Local bookbinder with over 100,000 customers
Sue Callaghan is a 60-year-old bookbinder. Her bookbinding shop has been in Sheffield for 35 years. Since 1978 she has greeted nearly 103,000 customers.
In a tiny shop facing Devonshire Green, is Sue Callaghan’s bookbinding business.
The blue signboard saying ‘Est 1978’ and the leather books in the window signify the historic craft inside.
Sue, the owner of this tiny shop, helps people bind collected periodicals and restore damaged books.
She started her training as a bookbinder’s apprentice in southern England. After that she returned to Sheffield, got married and set up her own bookbinding shop.
Stepping into her shop is like entering a mini vintage fair. The two square metre space is crammed with rolls of leather, cloth, paper and various antique objects.
Love of books
Sue first started bookbinding as a hobby, but then made it a business. She said:
“I found I liked books very much, old books, new books, any books, I like to see them and restore them. I never get bored, ever.”
She added that she has never complained about her job, even though she has to stand all day at work.
“I enjoy my work very much because every book is different. Even if they have the same title, it’s a different job for me.”

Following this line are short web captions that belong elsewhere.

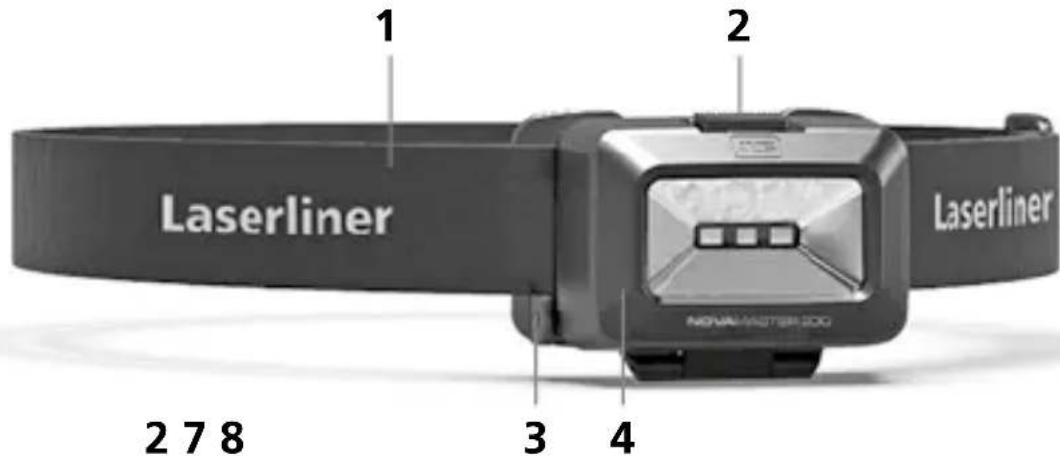 Laserliner NovaMaster 200 - Grupo de riesgo 2 - 3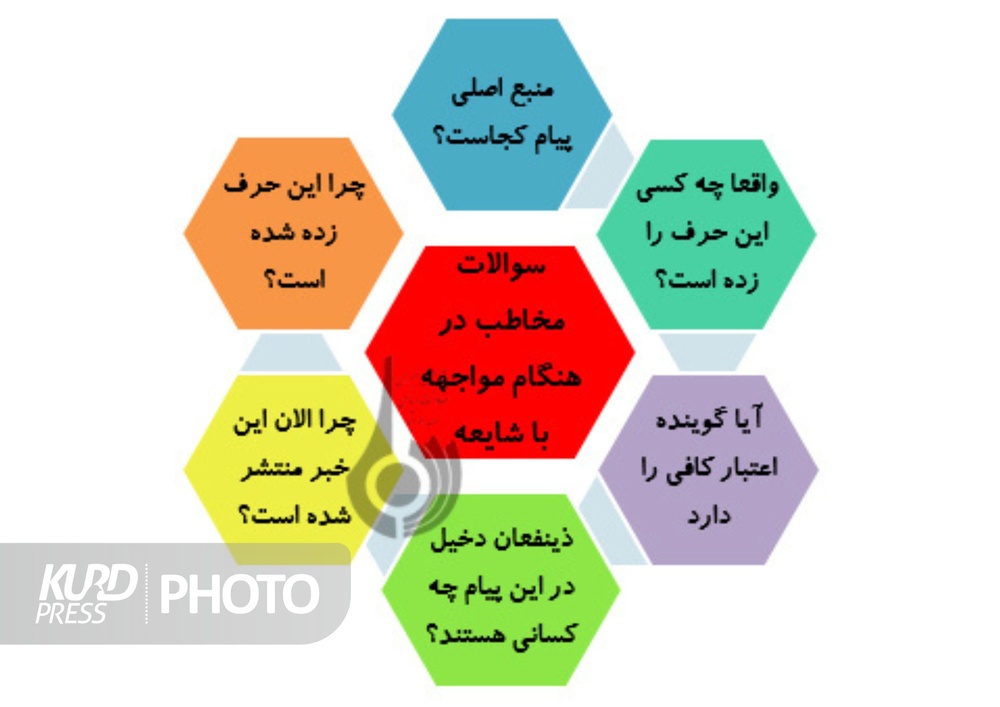 توقف زندگی در ایستگاه شایعه؛ گزاش تحلیلی کردپرس از تاثیر شایعه بر گسترش آسیب های اجتماعی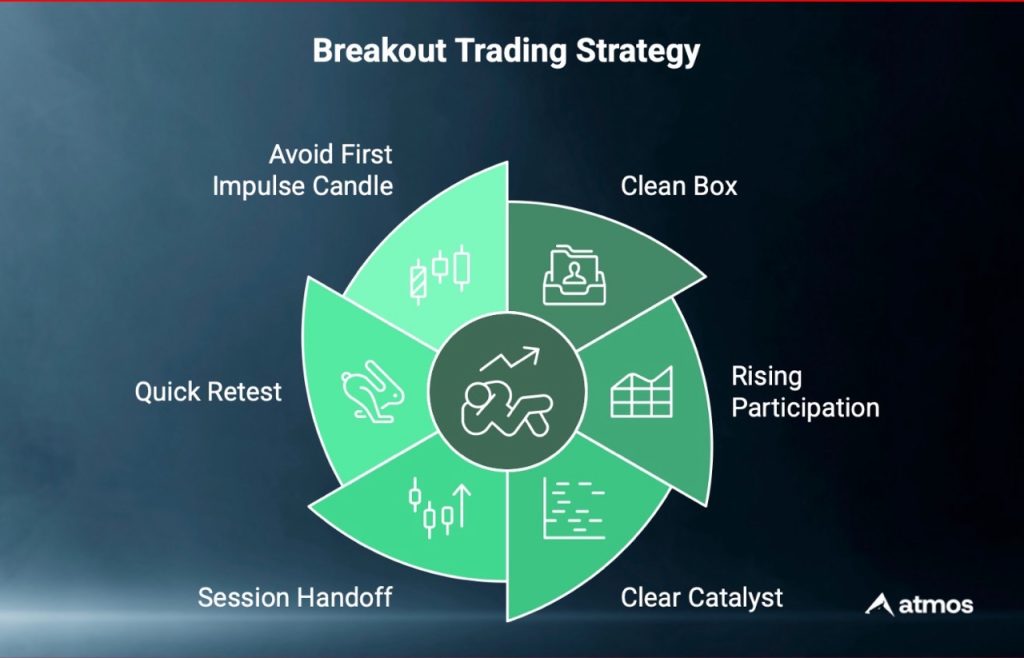 breakout strategy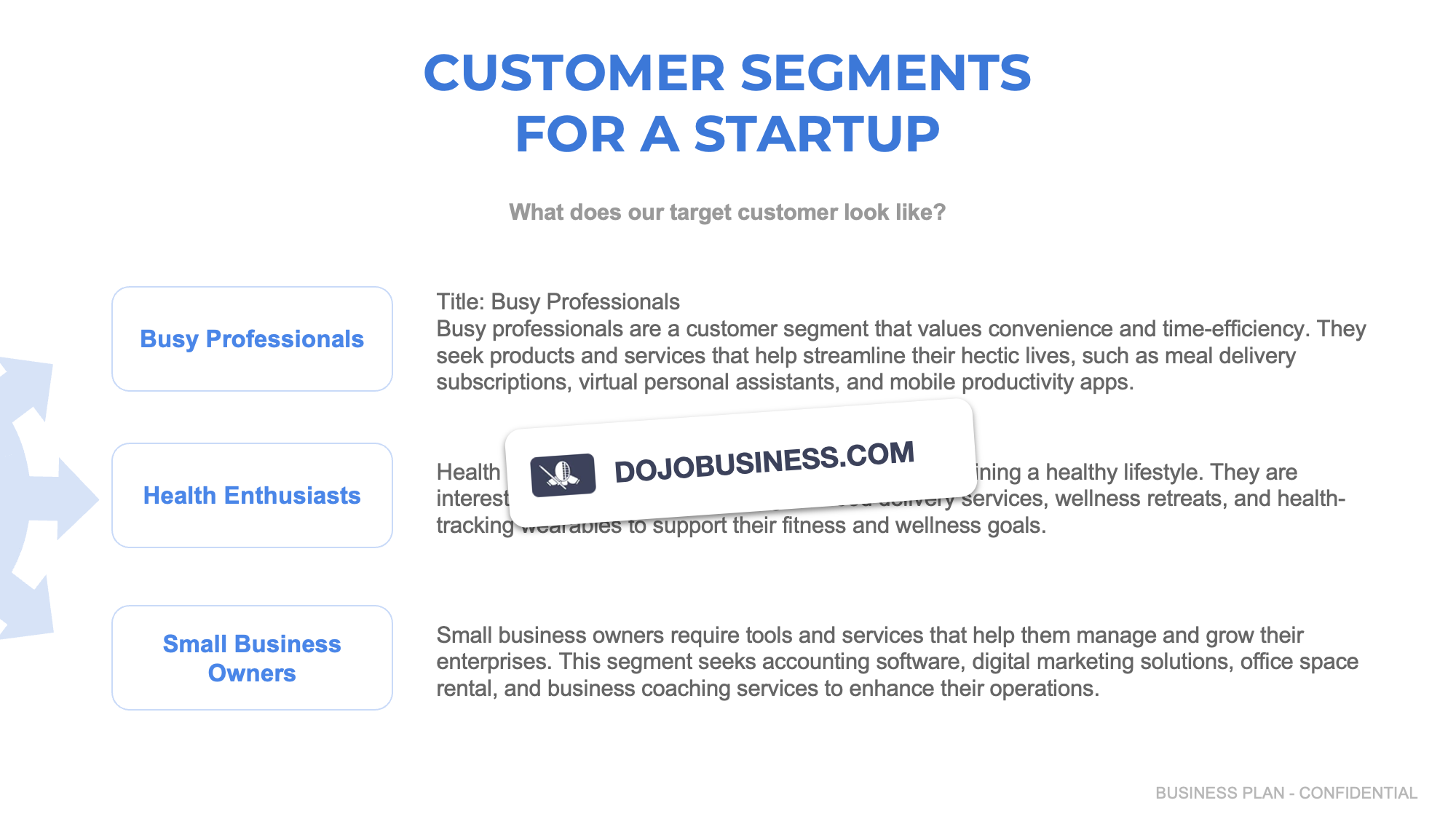 customer segmentation startup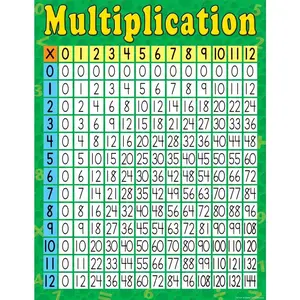 Multiplication Chart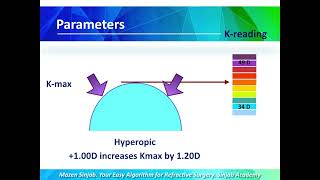 Concepts in Refractive Surgery  part1 [upl. by Ditter]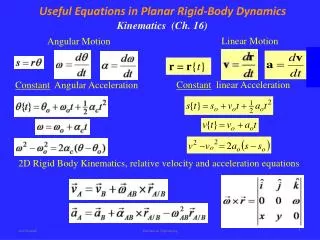 Useful Equations in Planar Rigid-Body Dynamics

According to Sue, it ranges from three hours to three weeks to restore a book, since it depends on how much work is needed. If it is a leather-binding book, then there are lots of different processes to go through, like the oldest one Sue has restored, which dates back to 600 years ago.
Masses of customers
In Sue’s shop, the binding tools are hung on the best half of the wall and distributed on the narrow workbench. Next to the workbench is a small wooden counter decorated with hundreds of metal stamps. Hand-made notebooks and cards, ancient ink bottles and quill-pens are in every corner.
It is in this tiny shop where Sue’s expertise has been enhanced over the past 35 years. Her everyday business and steady stream of customers prove it.
Sue has over 50 customers every week and she has never advertised.
“Since I’ve been here for so long, people know me and come to me. They are always very surprised to see how busy I am,” she said with a big smile.
Sue has a habit of counting her customers and has kept records since she welcomed her first in 1978. She writes down the numbers on the invoices and gives them to the clients.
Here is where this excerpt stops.